Armed with this small but significant breakthrough, Zambia returned to the big debt table. At the head of this table was China, its largest creditor. Also there was the UK, France and other western Governments. No sooner had Zambia taken sat down than the stony faced official creditors delivered bad, bad news.

China’s Bad News

At the beginning of November, Zambia was slowly but surely clawing its way out of its 17 billion dollar debt hole. It had struck a deal with its private lenders to repay a 4 billion dollar debt over a longer period and with smaller interest rates. IMF approved this deal which made it seem like a sure bet.

Unfortunately, the China, UK, France and other Government creditors have shoved Zambia back into the hole. A few days ago in the third week of November, these countries revealed that they are opposed to the 4 billion dollar debt restructuring deal with private creditors. This has forced Zambia to suspend that deal.

Heartbroken, Zambia’s Finance Ministry released a statement stating that the Zambian Government “currently doesn’t have the support of official creditors and is unable to move forward at this time.”

This is not fair for the people of Zambia. Thankfully there is a way forward. But it can only succeed if the entire Africa joins forces.

The Way forward

After China, UK and France rejected Zambia’s debt restructuring deal, the private lenders who had reached the 4 billion dollar deal with Zambia released this grave statement:

“This is an extraordinary position to take and will have significant adverse consequences, most immediately for Zambia.”
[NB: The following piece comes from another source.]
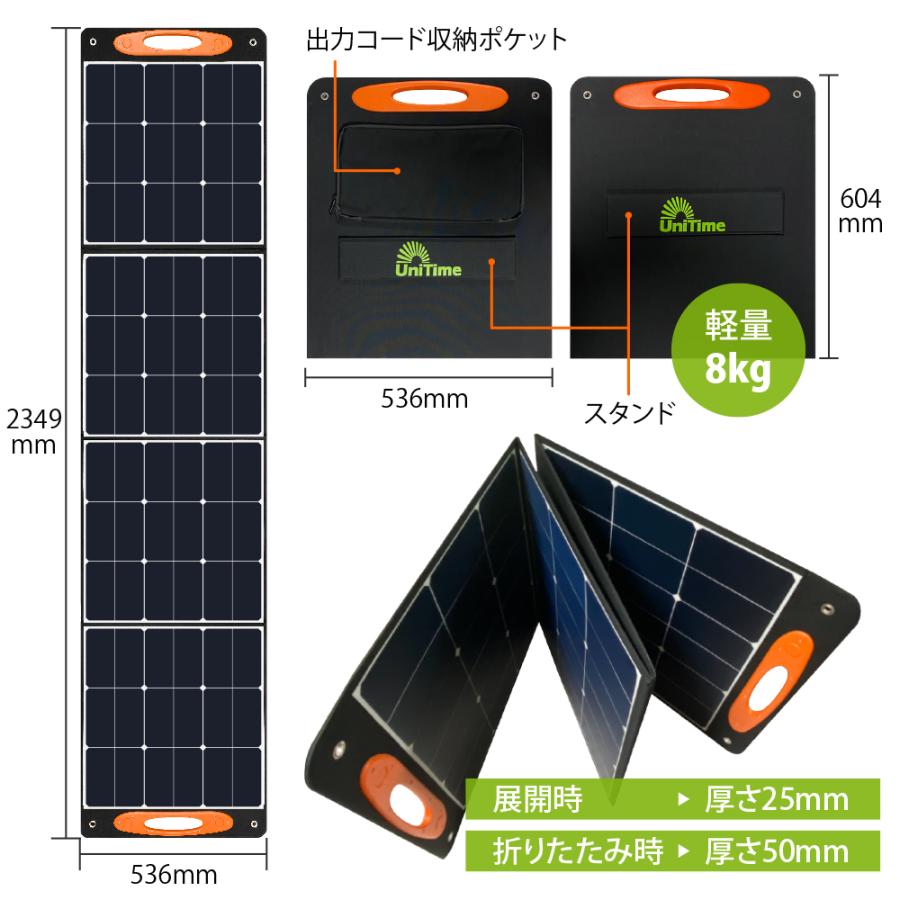 人気商品超目玉 目玉商品 Unitime ソーラーパネル ソーラーチャージャー 12V 200W 高変換効率23% 軽量 薄型 折りたたみ式 コンパクト ポータブル 発電機 PSE認証 Unitime ソーラーパネル ソーラーチャージャー 24V〜36V400W 高変換効率23% 軽量 薄型 折りたたみ式 コンパクト ポータブル 発電機 PSE認証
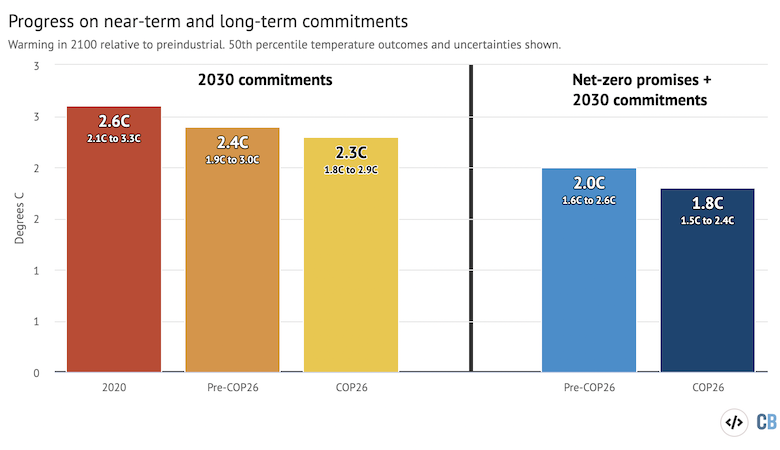 Comparison of expected climate outcomes from 2030 commitments and net-zero pledges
Musonda, the 29 year old Zambian lady together with twenty million other Zambians have been shoved deeper into a national financial pit. A pit that was dug through the unholy alliance of previous Zambian Governments and irresponsible external lenders.

The Zambian people have suffered enough. Africa should now speak with a united voice. Africa should demand these three things from both official and private creditors:

  • Waive all interests that are accumulating on big loans like Zambia’s 17 billion dollar loans.
  • Triple the repayment period of the principal amounts
  • Partial debt cancellation

There would have been no irresponsible borrowing if there had been no irresponsible lending. Africans have suffered enough. It’s time for Africa’s irresponsible creditors to also suffer.